玄文社主人の書斎

玄文社主人日々の雑感もしくは読後ノート

山尾悠子『山尾悠子作品集成』(4)

2015年08月13日 | ゴシック論

 以前に「傳説」を取り上げた時に、漱石の「幻影の楯」の命令形は、時代をこれこれこの頃と想定して欲しいという、ある意味穏当なものに過ぎないのに対して、山尾の命令形は説話内容そのものを「そう思え」というかなり強引な要請であることを指摘した。
 虚構というものは作者の読者に対するそうした要請を前提としているのであって、ただ普通には「そう思え」などと書かれることはない。書かれなくても読者は作者のそのような要請を読み取り、それに従って読んでいくのである。特に幻想譚にあってはそうした要素は濃厚となる。
 ゴシック小説あるいは恐怖小説では、一昔前まで「これから書くことは、私が実際に見聞したのだから、事実に相違ない」という断り書きを前置きとすることも多くあった。これは読者に真実性を保証するための作者のポーズに過ぎないのだが、読者の方はそれを信じたふりをして読んでいくという作法を求められるのだ。
 しかし、山尾悠子は話の真実性などに頓着はしない。「まずはそう思え」と読者に命令するだけである。ここでデジデリオの絵画を見るならば、その現実にはありそうもない建築群が「そうあると思え」と見るものに命令を発しているようにさえ見えてくるだろう。 
 ところで、現実にはあり得ないものを絵画は描くことが出来る。

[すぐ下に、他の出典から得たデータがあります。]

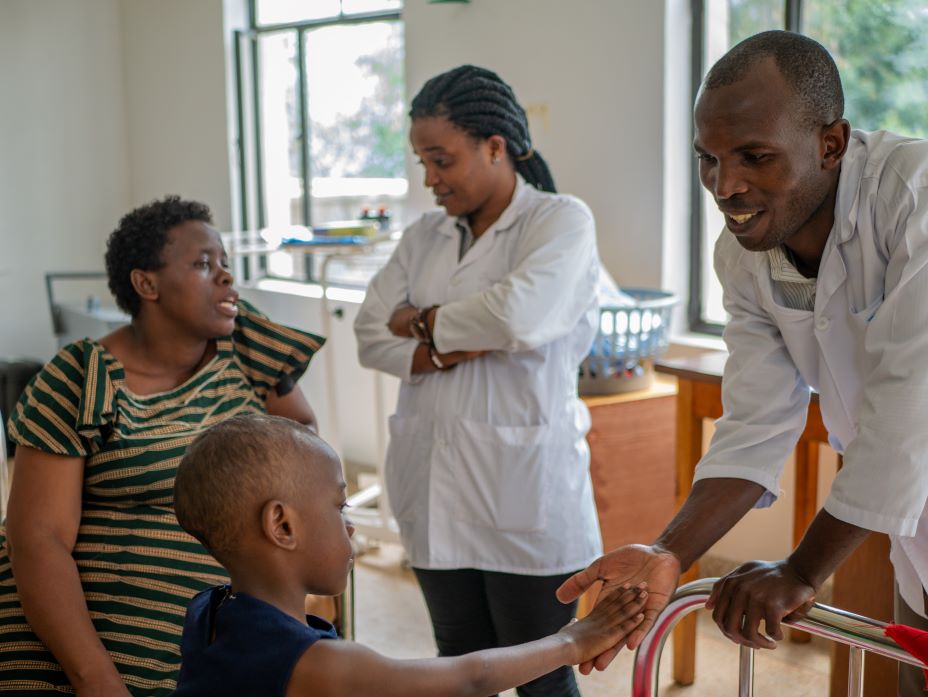 Olivier Habimanaand (right) and Esperance Benemariya, oncology nurse educators at PIH-supported Butaro District Hospital in Rwanda, meet with Keza Solange, who is being treated for leukemia, and her mother in the pediatric ward.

このことはかなり重要な意味を持っている。音楽もまた聴覚を通して現実にはあり得ない音の連鎖を伝達することが出来るが、現前することは出来ない。音楽は立ち上がりつつ消えていくものであって、現実にあり得ない存在を現前させることは出来ない。
 絵画はそのような不在を現前させることが出来る。その意味でもう一つ、現実にはあり得ないことを表現できる言葉と親和性が極めて高い。言葉は絵画と同じように、あり得ないものを現前させることも出来るし、存在しないものを現前させることも出来る。
 言葉はもともと、いくらでも嘘を吐けるように出来ている。「私は死んでいる」という文章は、論理的には成立しないが、構文としては正しいのであって、そのような例はいくらでも挙げることが出来る。そうでなければ虚構というものはあり得ないものとなるだろう。
 さらに否定形を表現できるのは言葉だけである。「私は人間ではない」というような否定表現を可能にするのは、言葉だけである。絵画はそれを表現できない(そのような例を我々はマグリットのパイプの絵に見ることが出来る。マグリットは絵だけでは否定表現が出来ないため、「これはパイプではない」と言葉で書かなければならない)。
「私は人間ではない」という文章は、同時に現実にはあり得ないことを言っているのでもあり、言葉はこのように否定性と虚構性の根拠を形成しているのに他ならない。このことにはまた後ほど触れることにする。
 山尾悠子は言葉に対して極めて自覚的な作家である。初期の作品「夢の棲む街」でも「遠近法」でもそうであった。山尾がどのようにして言語に対する自覚性を獲得していったかと考えると、それはやはり言語と親和性の高い絵画に添って想像力を働かせるという方法に拠っていたためと考えざるを得ない。
 ゴシック小説がピラネージの絵画を模倣したのも、絵画というものが否定性の表現が出来ないということを除いては、極めて言語と親和性が高いものであったからだと私は考えている。